▶ [EXERCISE BRIEF]
The required output is the stretch from the line containing "5720 Charleston Bay" through the line containing "afp_20251229_898c2rw_v2_highres_iranpoliticseconomydemo.jpg" in the records below, unaltered and with no pictures.

▶ [PROVIDED MATERIAL]
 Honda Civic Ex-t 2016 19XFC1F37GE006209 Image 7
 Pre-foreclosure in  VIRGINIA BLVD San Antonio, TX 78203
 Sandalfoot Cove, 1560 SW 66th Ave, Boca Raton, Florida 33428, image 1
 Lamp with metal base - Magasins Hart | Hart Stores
==
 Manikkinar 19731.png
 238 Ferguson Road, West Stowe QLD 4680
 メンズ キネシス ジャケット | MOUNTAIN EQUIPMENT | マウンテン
* * *
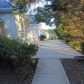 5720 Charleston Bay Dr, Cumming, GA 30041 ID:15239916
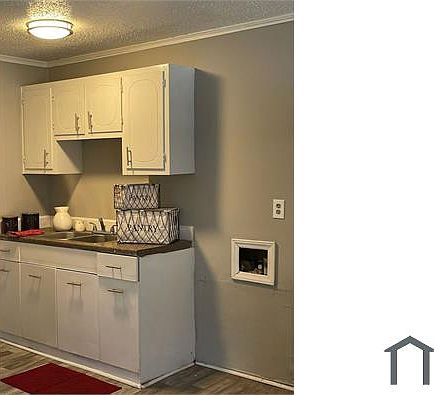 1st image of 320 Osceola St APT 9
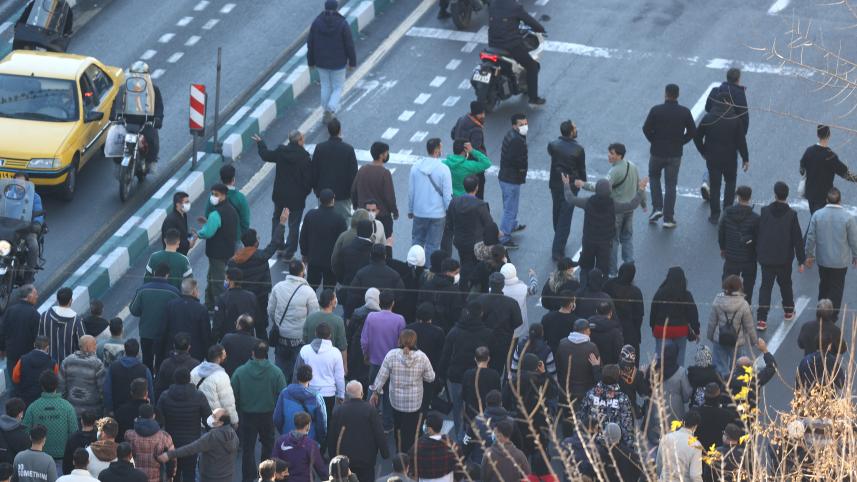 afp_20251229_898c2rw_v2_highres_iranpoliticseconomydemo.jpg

▶ [WRITTEN RESPONSE]
 5720 Charleston Bay Dr, Cumming, GA 30041 ID:15239916
 1st image of 320 Osceola St APT 9
 afp_20251229_898c2rw_v2_highres_iranpoliticseconomydemo.jpg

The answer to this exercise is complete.